I have just started taping some live shows my set-up works well, but I am having some trouble learning to use my cubase software, I just can't seem to be able to figure out how to set my recordings up into different tracks to burn to disc. I am using a sony pcm-m1 dat to record. I have been recording to cubase all as 1 track(is this correct?) All I want to do is make a multiple track disc that sounds clean at the track changes!!!!!! PLEASE HELP!!!!!!!:/
fatcityjunkie
2
New AFfiliate
Member 19 years ago
2Posted on 10/03/2005 at 15:14:46
Thank you both very much, I have been beating my head on my keyboard ready to trash my software. When I purchased cubase I told the guy "look I really want to just cut songs" he was like yeah this is what yu want. UUUGGGGHHH the people at these stores suck. Yes when I said track i mean break a long file into songs. As i said I am green as far as this astuff goes. Thanks again for the help.

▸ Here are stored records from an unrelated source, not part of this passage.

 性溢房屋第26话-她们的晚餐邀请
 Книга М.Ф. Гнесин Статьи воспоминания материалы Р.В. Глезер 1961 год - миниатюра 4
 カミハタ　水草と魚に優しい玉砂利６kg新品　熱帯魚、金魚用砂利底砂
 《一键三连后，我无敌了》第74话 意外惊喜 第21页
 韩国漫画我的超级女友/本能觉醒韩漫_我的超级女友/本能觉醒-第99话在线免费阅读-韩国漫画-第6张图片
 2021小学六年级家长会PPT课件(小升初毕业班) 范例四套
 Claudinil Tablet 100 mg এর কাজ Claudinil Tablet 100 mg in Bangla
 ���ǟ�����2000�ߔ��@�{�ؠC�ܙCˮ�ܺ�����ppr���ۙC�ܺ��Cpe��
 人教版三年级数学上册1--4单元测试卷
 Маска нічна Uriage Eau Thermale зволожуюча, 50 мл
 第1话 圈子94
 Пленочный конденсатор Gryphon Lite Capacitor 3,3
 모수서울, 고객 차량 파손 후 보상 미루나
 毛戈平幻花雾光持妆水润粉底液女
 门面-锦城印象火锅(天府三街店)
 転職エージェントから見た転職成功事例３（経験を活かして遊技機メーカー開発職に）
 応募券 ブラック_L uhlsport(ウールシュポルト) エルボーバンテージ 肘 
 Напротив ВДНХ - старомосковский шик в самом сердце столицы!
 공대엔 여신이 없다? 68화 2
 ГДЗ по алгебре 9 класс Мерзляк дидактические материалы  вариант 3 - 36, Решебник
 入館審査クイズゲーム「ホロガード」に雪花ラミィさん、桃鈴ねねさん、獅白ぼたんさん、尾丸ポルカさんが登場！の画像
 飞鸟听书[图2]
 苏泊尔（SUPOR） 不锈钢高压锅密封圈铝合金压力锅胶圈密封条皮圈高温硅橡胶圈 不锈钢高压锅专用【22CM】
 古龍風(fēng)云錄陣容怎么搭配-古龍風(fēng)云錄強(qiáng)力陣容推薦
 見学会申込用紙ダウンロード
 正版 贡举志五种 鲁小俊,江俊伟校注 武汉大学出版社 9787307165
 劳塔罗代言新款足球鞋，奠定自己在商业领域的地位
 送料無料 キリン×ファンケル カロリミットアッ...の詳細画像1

Cubase is merely an audio/midi sequencing software just like Cakewalk, and as such, doesn't have all the editing features necessary for manipulating a long wave file. While Axeman is correct that you can export sections of the file as separate songfiles, you will still have to arrange them, maybe edit some noise, then set track start and end times and track pauses. Cubase doesn't have that ability and the ability to burn to cd.
Nero and some burning software have wav editors and some fx built in, as well as the ability to set track start times and pauses between tracks. Editing features in these cd burning software are limited, IMO.
Personally, I find audio editing software to be the best solution. Adobe Audition, Sound Forge w/ CD Architect, and Wavelab (even Samplitude) all have the necessary tools to manipulate a large wav file and break it up into individual tracks. All have the ability to clean up and edit the tracks when necessary. And all have the ability to burn to red book audio cd standards.
I'm confused- what do you mean by "track"? Are you saying that you want to be able to break music up into seperate instrument tracks (guitar, bass, drums, vocals)? If so, the answer is that you can't with the Sony Dat recorder- I'm not even sure that the Dat records in stereo (which would be two tracks at best).
If by "tracks", you mean splitting a long performance into seperate songs, that shouldn't be too hard. I don't know Cubase (I'm a Cakewalk guy), but in general it shoud go like this:
Dump your long performance as a single continuous track, find the start time of the song you want, make that the "from" time, find the stop time of the song, make that the "to" time. Select everything between "from" and "to", the export that as a wave file, name it and save it. Do that with each song, then use your CD burning software to make an audio CD of all the tracks.